EP7以降を120%楽しむには、今までに明らかになっている設定をまとめておく必要がありそうだ。 それを理解した上で映画を観ると、見えてくる伏線がある。  

●主要キャラクターの家系図

  これは、EP7直前までに公開されていたスカイウォーカー家の家系図。スピンオフで明かされているキャラクターもいる。   スピンオフで、ルークは切れ者のスパイ、ジェイドとの間に子供を作っている。 それがベン・スカイウォーカーという意味深な名前・・・。   また、ハンソロとレイアの間に生まれている双子は映画には登場しておらず、カイロレンとは別人である(はず)。  

●スカイウォーカー家のフォースは強い

  言わずもがなの設定だが、「選ばれし子」アナキンスカイウォーカーの血を継ぐもののフォースは強い。   彼とパドメの間に生まれたルークはもちろん、レイア姫にもその潜在能力は眠っている。 そしてEP7以降は、さらに彼らの下の世代の血縁関係に注目が集まる。  

●ジェダイとシス、それぞれの思想

|ジェダイ

  「危険な執着を捨てよ。暗黒面(シス)につながる道だ。愛する1人よりも、100人の人々を守れ。」   ジェダイの信条は理性であり、無条件の愛。感情の起伏や愛情を否定するが故に、婚姻や家族関係を否定する。 超人的な禅の思想を強く反映した思想だと言われる。  

|シス

  「愛する人を救いたければ、怒り、憎しみを受け入れろ。さらば無限の力を得て、永遠の生命さえも得ることが出来る。」   シスは感情の高揚を受け入れ、あくまで感情的に生きることを認める。

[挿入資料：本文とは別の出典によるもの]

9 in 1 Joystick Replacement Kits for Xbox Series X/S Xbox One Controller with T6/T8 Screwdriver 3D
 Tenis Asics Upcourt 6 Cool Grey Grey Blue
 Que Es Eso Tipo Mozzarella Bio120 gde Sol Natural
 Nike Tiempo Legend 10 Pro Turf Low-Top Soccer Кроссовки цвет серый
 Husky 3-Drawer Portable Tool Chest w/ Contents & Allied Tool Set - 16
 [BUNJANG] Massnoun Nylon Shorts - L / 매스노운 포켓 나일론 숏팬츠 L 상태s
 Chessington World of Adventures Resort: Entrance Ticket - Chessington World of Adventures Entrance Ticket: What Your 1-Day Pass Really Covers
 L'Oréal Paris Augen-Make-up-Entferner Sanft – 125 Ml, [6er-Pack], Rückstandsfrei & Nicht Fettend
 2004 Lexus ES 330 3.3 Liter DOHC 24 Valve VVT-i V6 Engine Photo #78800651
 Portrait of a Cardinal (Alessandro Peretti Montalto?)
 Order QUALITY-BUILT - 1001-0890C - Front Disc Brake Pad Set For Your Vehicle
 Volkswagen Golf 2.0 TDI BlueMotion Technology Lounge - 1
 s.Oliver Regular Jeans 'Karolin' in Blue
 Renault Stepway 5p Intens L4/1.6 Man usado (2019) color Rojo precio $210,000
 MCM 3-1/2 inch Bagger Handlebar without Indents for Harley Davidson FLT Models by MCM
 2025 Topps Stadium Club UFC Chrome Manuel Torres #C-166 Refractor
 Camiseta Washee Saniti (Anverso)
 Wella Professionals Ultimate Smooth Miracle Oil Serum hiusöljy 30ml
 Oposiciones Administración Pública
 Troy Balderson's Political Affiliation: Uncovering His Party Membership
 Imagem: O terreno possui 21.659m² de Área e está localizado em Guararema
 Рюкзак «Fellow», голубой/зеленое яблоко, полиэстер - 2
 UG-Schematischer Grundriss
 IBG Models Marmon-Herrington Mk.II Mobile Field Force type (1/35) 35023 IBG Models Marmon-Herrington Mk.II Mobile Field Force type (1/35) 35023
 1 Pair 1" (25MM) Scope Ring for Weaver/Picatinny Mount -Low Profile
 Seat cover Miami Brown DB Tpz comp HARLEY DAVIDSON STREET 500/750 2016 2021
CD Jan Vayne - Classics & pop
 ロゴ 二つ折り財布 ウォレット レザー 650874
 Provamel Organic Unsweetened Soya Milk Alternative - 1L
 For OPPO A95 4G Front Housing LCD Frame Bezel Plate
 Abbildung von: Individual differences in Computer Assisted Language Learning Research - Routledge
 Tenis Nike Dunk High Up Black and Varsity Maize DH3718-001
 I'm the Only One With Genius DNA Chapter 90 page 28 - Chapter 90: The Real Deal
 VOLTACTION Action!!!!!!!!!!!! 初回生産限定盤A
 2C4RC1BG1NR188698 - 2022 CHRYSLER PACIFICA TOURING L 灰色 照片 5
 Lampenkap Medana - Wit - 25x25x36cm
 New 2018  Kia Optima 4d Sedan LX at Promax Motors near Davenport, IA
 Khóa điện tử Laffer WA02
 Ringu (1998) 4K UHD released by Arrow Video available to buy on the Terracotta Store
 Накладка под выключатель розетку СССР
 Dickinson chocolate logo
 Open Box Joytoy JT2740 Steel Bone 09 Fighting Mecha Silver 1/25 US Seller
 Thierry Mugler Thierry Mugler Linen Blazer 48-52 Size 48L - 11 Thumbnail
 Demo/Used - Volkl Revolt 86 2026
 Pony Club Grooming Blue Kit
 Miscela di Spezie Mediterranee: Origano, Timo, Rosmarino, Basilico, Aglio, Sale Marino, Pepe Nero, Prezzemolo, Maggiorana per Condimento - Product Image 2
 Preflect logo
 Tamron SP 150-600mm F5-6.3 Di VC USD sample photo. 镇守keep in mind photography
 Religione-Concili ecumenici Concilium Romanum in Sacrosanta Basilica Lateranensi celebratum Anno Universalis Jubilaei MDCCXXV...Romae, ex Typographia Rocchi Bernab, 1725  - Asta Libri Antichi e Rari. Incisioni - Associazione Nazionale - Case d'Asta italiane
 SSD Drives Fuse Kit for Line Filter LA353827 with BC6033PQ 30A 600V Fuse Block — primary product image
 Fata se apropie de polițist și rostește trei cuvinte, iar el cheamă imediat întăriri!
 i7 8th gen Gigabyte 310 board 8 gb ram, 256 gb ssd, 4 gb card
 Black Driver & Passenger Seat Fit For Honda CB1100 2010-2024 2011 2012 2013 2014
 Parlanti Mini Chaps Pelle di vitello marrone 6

喜怒哀楽の感情を力のトリガーに、圧倒的な自己成長をもって他者から支配されない自由を追求する。   考え方によっては、シスの思想はあくまで俗世的で、近しいものなのかもしれない。  

●カイロレンは、ハン・ソロとレイアの子ども

カイロレンはハン・ソロとレイア・オーガナとの間に生まれた息子であることは、EP7の劇中で言われている。 そして彼の本名が「ベン」であるということもハン・ソロの口から伺えた。     「ベン」と言えば、オビワン・ケノービがEP4以降に名乗っていた名前で、ハン・ソロたちはベンに敬意を示し、この名を息子に与えたと考えられる(レイアをEP4で救えたのは、ベン・ケノービのおかげかもしれない)。   なぜベンは、カイロレンと名乗るようになったのか。   「レン」は日本語で「蓮」の音読み。実は「Padme」には、「白い蓮」という意味があり、さらに「カイロ」は、ある暗号サイトで「スカイウォーカー」と紐付けると「sons(息子たち)」という言葉に変わるとか。参考:ジョニーリンゴ     つまり、彼は自分を、パドメの息子である(ダースベイダーの息子である)と主張したい気持ちを、自らの名前に込めているのかもしれない、というわけだ。   「I will finish what you started.(あなたを受け継ぐ。)」   それほどまでにカイロレンがベイダーを崇拝するのはなぜか。  

EP8のあらすじを予測してみた

EP8はルークとレイが出会うところから始まる。 カイロレンは「光の誘惑」から逃げ、スノークとともに新たな作戦に踏み切る形になる。   EP9での完結を考えると、レイの出生に関する決定的な証拠を含めた、上記の伏線のほとんどが回収されそうだ。     EP8の公開は当初の予定から延期され、2017年12月予定。   EP8の脚本・監督を務めるのは、『LOOPER/ルーパー』や『BRICK ブリック』を手がけたライアン・ジョンソン。 長編映画デビュー作『BRICK ブリック』は2005年のサンダンス映画祭で審査員特別賞を受賞。   『エピソード7/フォースの覚醒』の監督J.J.エイブラムスは、EP8では製作総指揮というポジションに。     深まる謎、散りばめられるヒント。   圧倒的なグラフィックス、鮮やかな戦闘シーンだけでなく、謎解きの要素をふんだんに含むスターウォーズは、意味がわかると感動するストーリー構成が魅力だ。